Aim of the exercise
Copy out precisely the lines of the material that follows, beginning with the line containing "Toyota HiAce 2021 Pearl" and ending with its last line; exclude pictures.

Exercise input
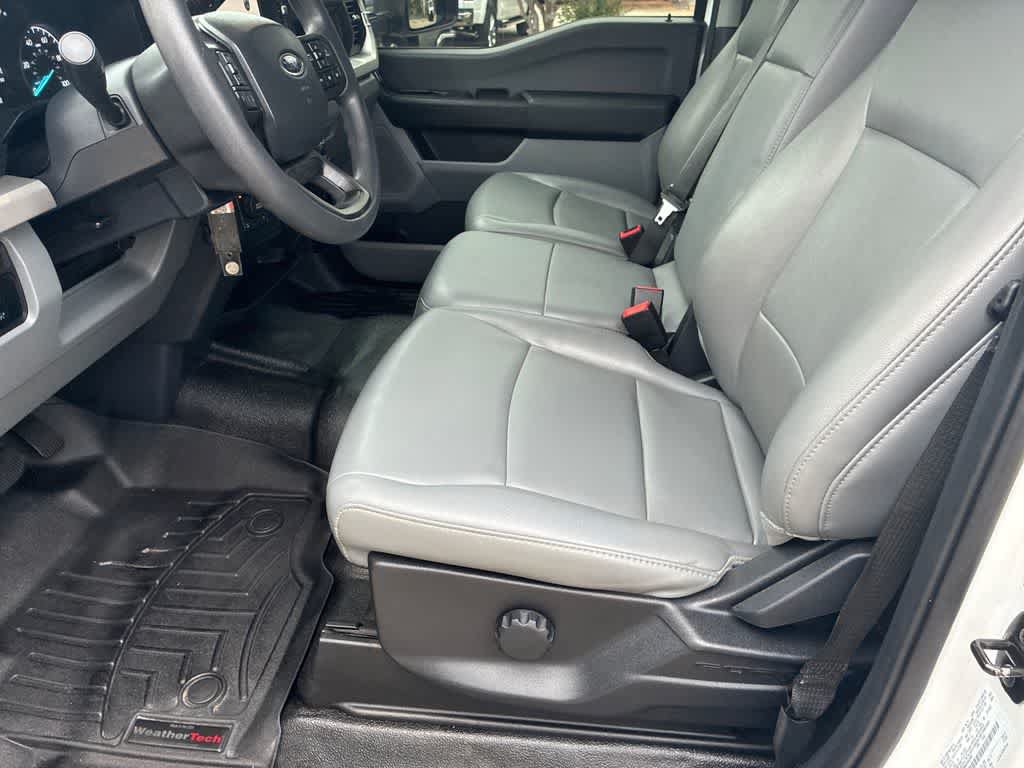 Certified 2024 Ford F250 XL w/ XL Chrome Package AWD/4WD image 9
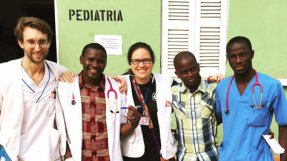 Läkarteamet på sjukhuset i Bafatá, Guinea-Bissau.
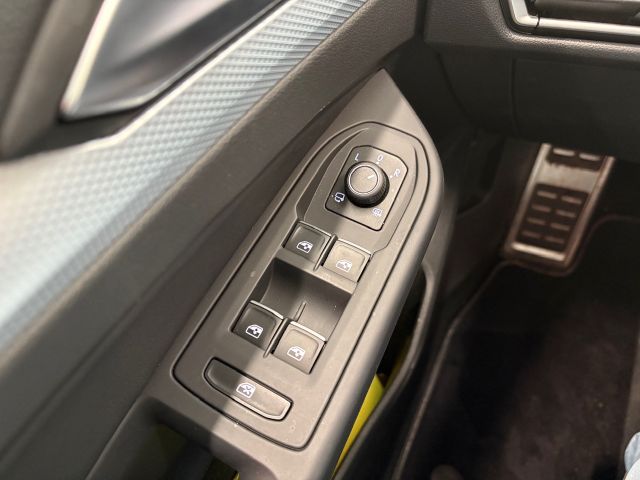 Golf VIII Goal 1.5 eTSI DSG LED RFK SHZ ACC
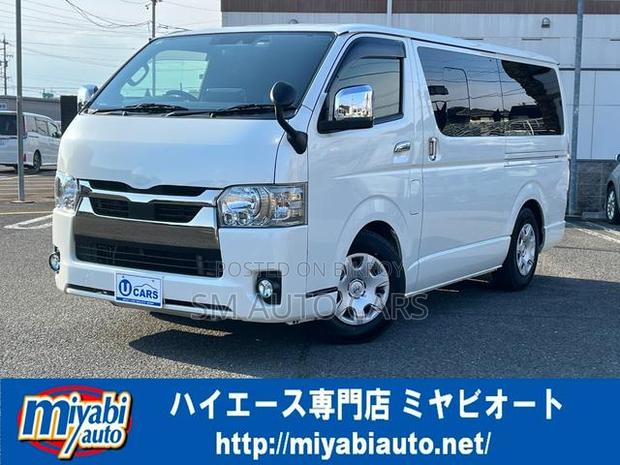 Toyota HiAce 2021 Pearl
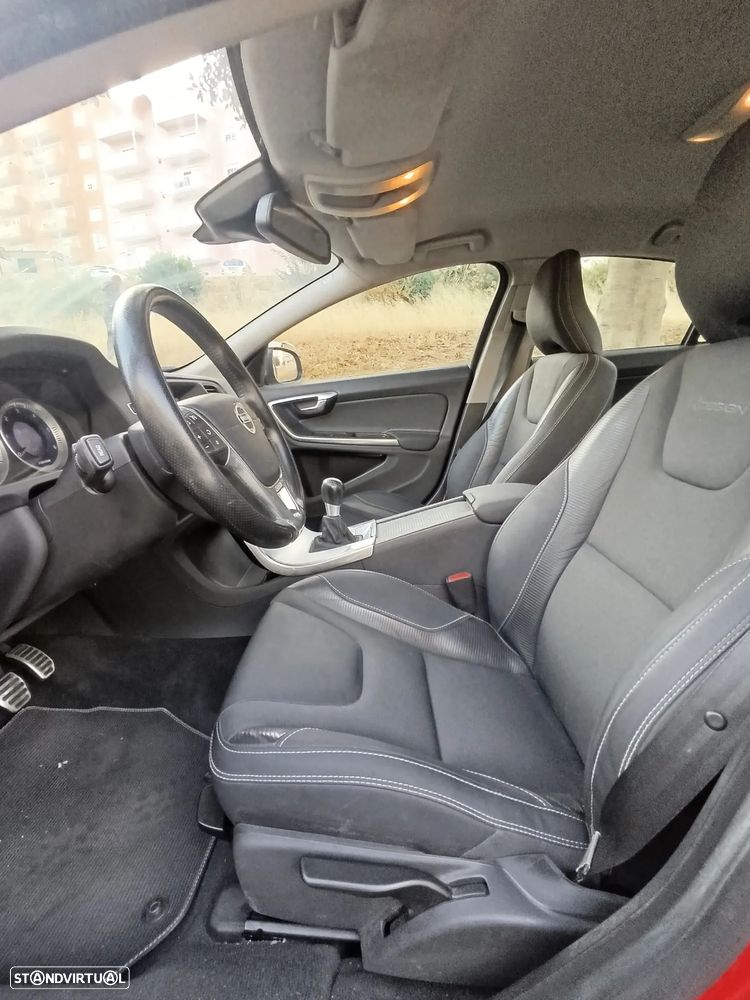 Volvo S60 1.6 D2 Drive R-Design Start/Stop - 14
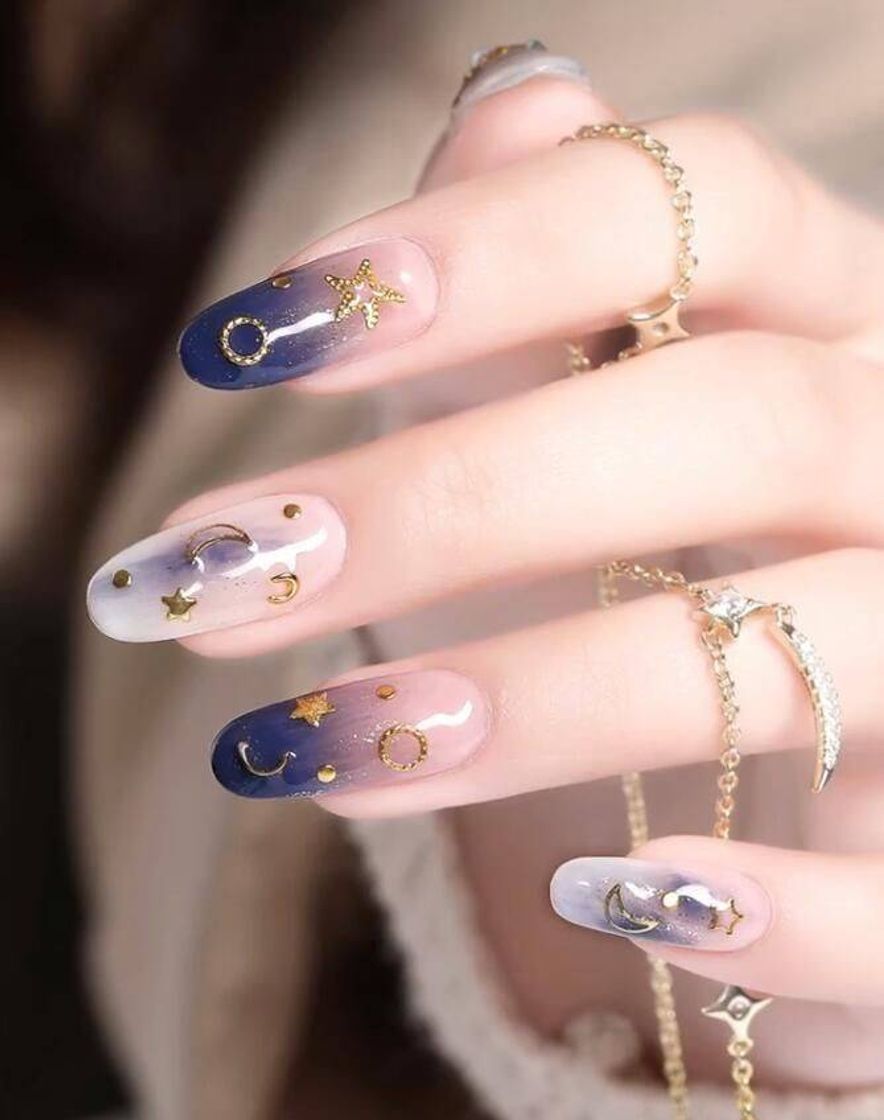 Moda Nails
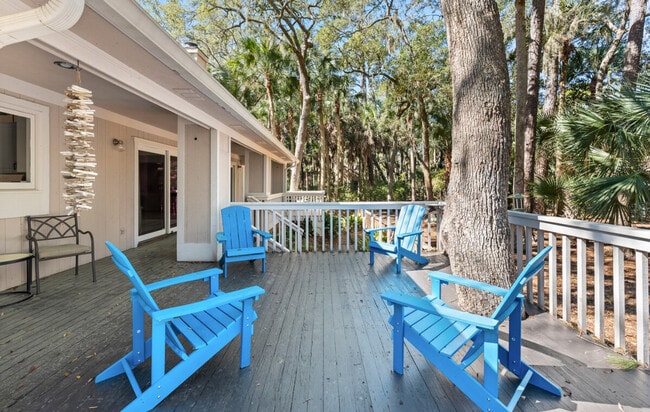 Building Photo - 2415 The Haul Over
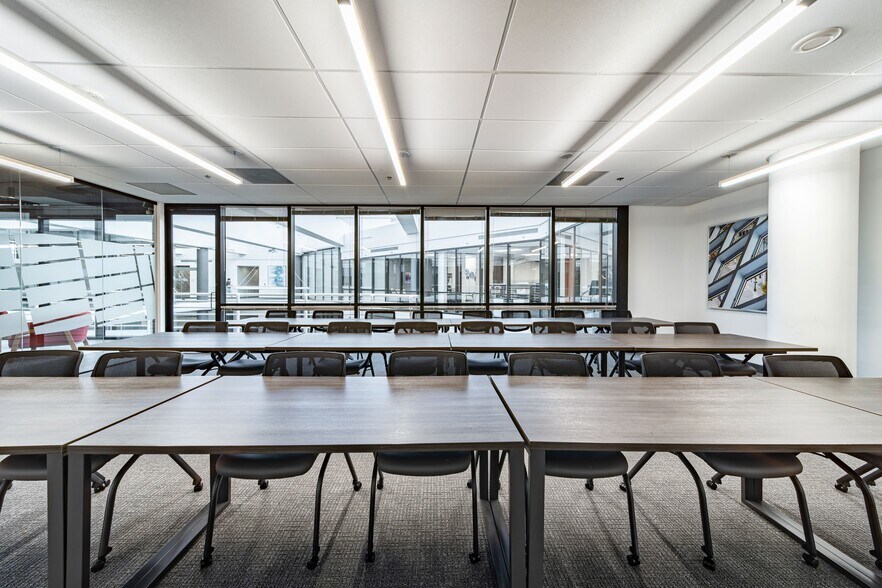 More Photos Of 500 N Central Expy, Plano Coworking Space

Written response
 Toyota HiAce 2021 Pearl
 Volvo S60 1.6 D2 Drive R-Design Start/Stop - 14
 Moda Nails
 Building Photo - 2415 The Haul Over
 More Photos Of 500 N Central Expy, Plano Coworking Space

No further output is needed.